DXを通じて働き方も社会も変えていきたい
ーー高藤
松林さんが代表理事をされている一般社団法人 at Will Work(アットウィルワーク)で働き方を変えていく啓蒙活動をされていると伺いました。こちらはどういった経緯で始められて、どのような活動をなさっているのでしょうか。
ーー松林社長
もともと知り合いが Womenwillをやっていたのですが、賛同して一緒にセミナーなどを行っていました。そこで意見交換をすると、知人は女性の働き方について、僕はITで働き方を変える、いろいろな働き方に対する考えや課題が出てきました。
そのうちに『働き方って全体的に変わっていかないといけないよね』という話になりました。そこで社団法人を作る動きになり、働き方の情報を集める総合的なプラットフォームを立ち上げました。
at Will Workでは「働き方を選択できる社会へ」というミッションを掲げて、カンファレンスやアワードを開催しています。収益を目的とはしていません。それが広く知られて、大臣が登壇したことなどもあって、ストリートスマートよりもat Will Workの活動の方が有名になってしまったようなところもあります(笑)
ーー高藤
ストリートスマートでも社員を大切にし、自由度の高い働き方を提案しています。働き方を松林社長は常に考えていらっしゃる印象ですね。
ーー松林社長
ええ、そうですね。自律する人材を作る、ひとりひとりの働き方を変えていく、良くしていくというのがもともと僕がやりたいことです。それが、ストリートスマートという社名にも現れています。
ーー高藤
松林さんのお話を伺っていると、「人」「働き方」そして「テクノロジー」という言葉が多く出てきます。
ーー松林社長
テクノロジーの可能性は大きいのに、使える人と使えない人で分かれてしまうのはもったいないと思うんです。
今、分断化といわれていますけど、要するにITリテラシーのギャップを埋めたいのです。みんながITツールを使いこなせるようになれるサービスを提供していく。社会全体がアップデートするように、僕らのサービスを通じて貢献をしたいと思っています。
ーー高藤
大衆的なDXですね。
ーー松林社長
まさにそうですね。
活動や目的によって、それに合わせたコンサルティングやサービスを提供したり、出版機能もあるので書籍にすることもできるし、eラーニングのようなコンテンツにすることもできる。情報提供をすることでDX化を浸透させ、社会全体をアップデートしたいと思っています。
会社は「箱」大事なのは中身である「人」
ーー高藤
御社で働きたい、興味があるという方に特に伝えたいことがありましたら、ぜひお聞かせください。
ーー松林社長
ストリートスマートは新しいサービス、新しいプロダクトをどんどん作り出していく。生み出すことに力を発揮できる会社です。

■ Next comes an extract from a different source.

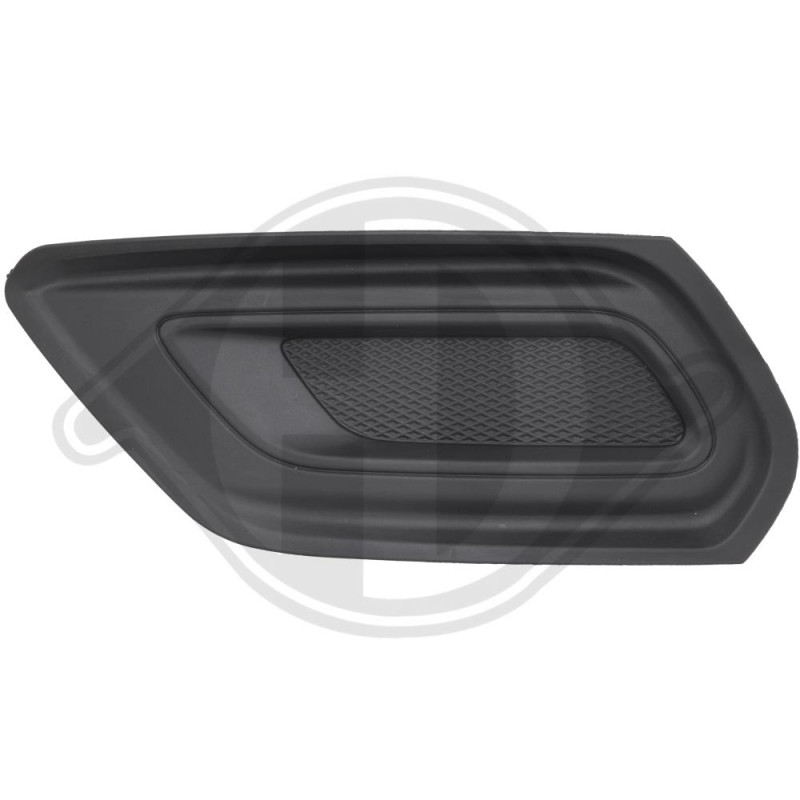 Griglia di ventilazione Paraurti anteriore Sx Ford Transit Custom 18- (Cod. D-1456249)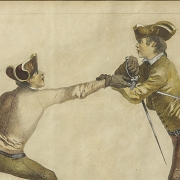 James Gwin (c.1700-1769)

領域でいうと Google の活用なんですが、さまざまな分野があります。多種多様なサービスを生み出すことに関わりたい人、若い時から経験したいと思っている人にはチャンスがたくさんあるので、ストリートスマートは本当に向いていると思います。
それと、Google を知らない人は今やほとんどいません。弊社で働くことで、今後の中長期的なキャリア形成にも役立つスキルが身につくと思います。ストリートスマートからGoogleに転職した方もいるし、みなそれぞれキャリアアップしています。すごいですよね(笑)
ーー高藤
Googleに転職ですか!
ーー松林社長
コールセンターで働いていた方で、うちで働いて、それで Google に転籍しました。
僕はこういう転職を、たとえば企業のノウハウが流出するとか、せっかく育てたのにという考え方は古いと思っていて、どんどん後押ししたいと思っています。

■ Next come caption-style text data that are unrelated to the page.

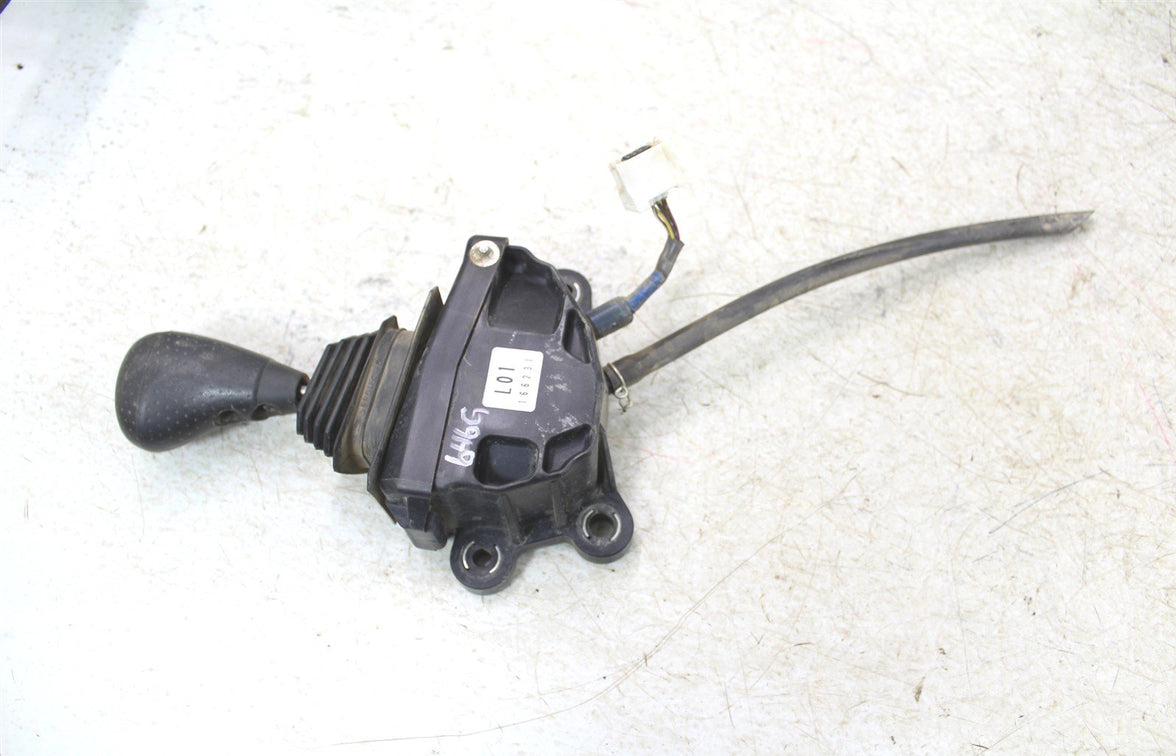 2017 Yamaha YXZ 1000R SS Shifter Arm Shift Lever 646G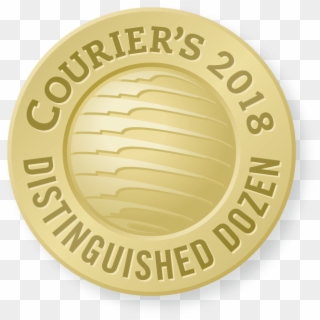 2018 Dd-gold - Circle Clipart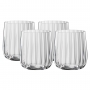 LifeStyle Tumblerglas 34cl, 4-pack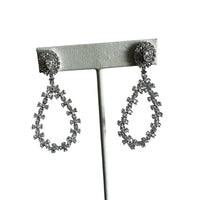 Spectacular Stud Earrings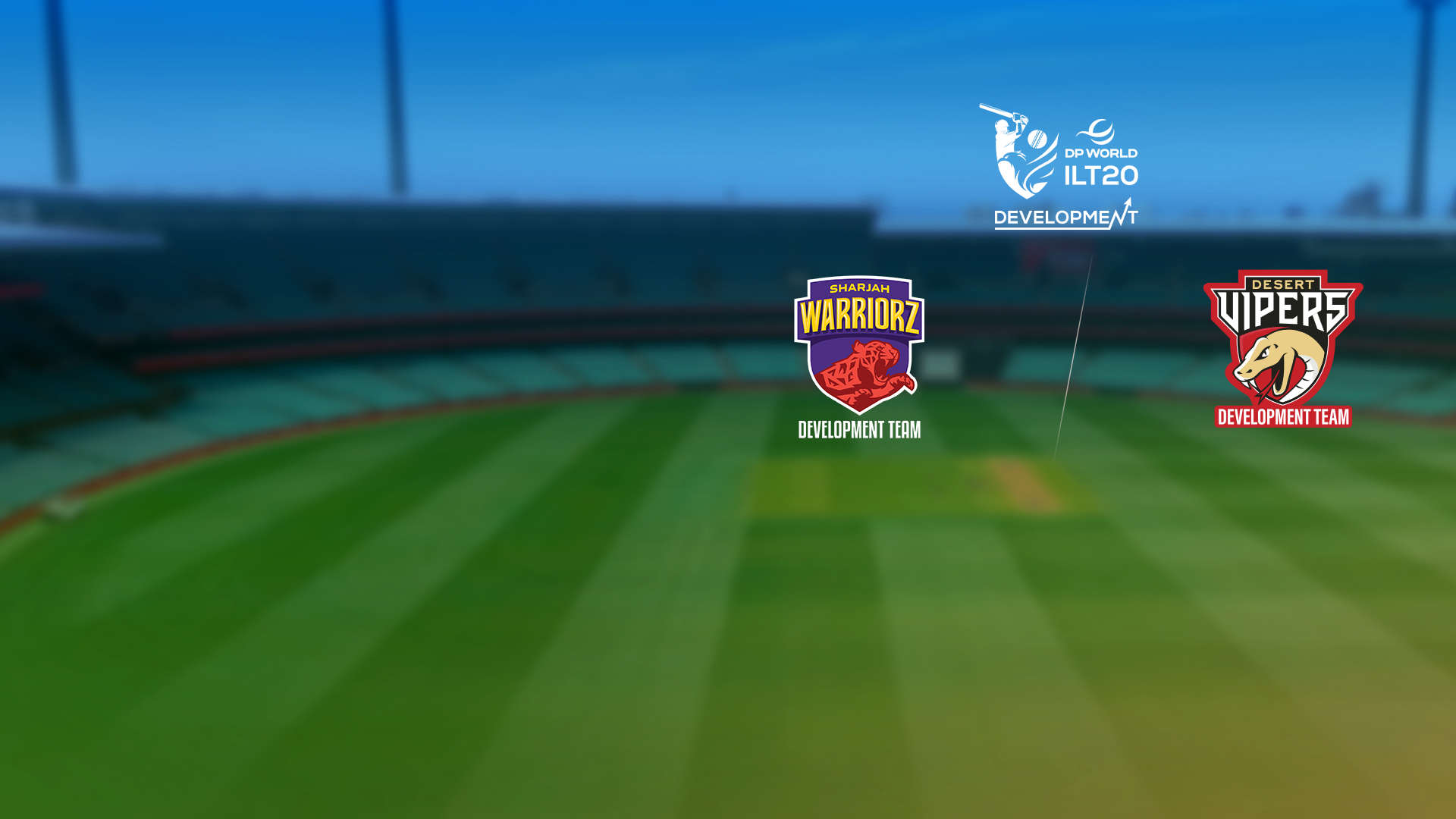 Match Thumbnail Blurred Background Image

うちの会社を出ていってほしいわけではないですよ。でも、よりハッピーになるステップなら背中を押したいです。
ロゴをご覧になればわかると思いますが、会社は箱、大事なのは中身である「人」です。ストリートスマートは、人が成長していく機会を作っている意味ではコミットしています。ゴリゴリのスタートアップ企業でもないし、かといって大手企業とも違う、ちょうど中間くらいの企業です。
ーー高藤
ティール組織(※)ではない、という感じですか?
※ティール組織とは
フレデリック・ラルーによるマネジメント手法の考え方。以下のように色を使い組織を5つに分類している。
・レッド(支配的なマネジメント:狼の群れ)
・アンバー(厳格な役割分担:軍隊的)
・オレンジ(ヒエラルキーは存在するが成果で昇進できる:機械的)
・グリーン(主体性を発揮しやすく多様性が尊重されやすい:家族的)
・ティール(上司や部下といったヒエラルキーや指示系統はなく目的を実現するために全員が共鳴して動く:生命体)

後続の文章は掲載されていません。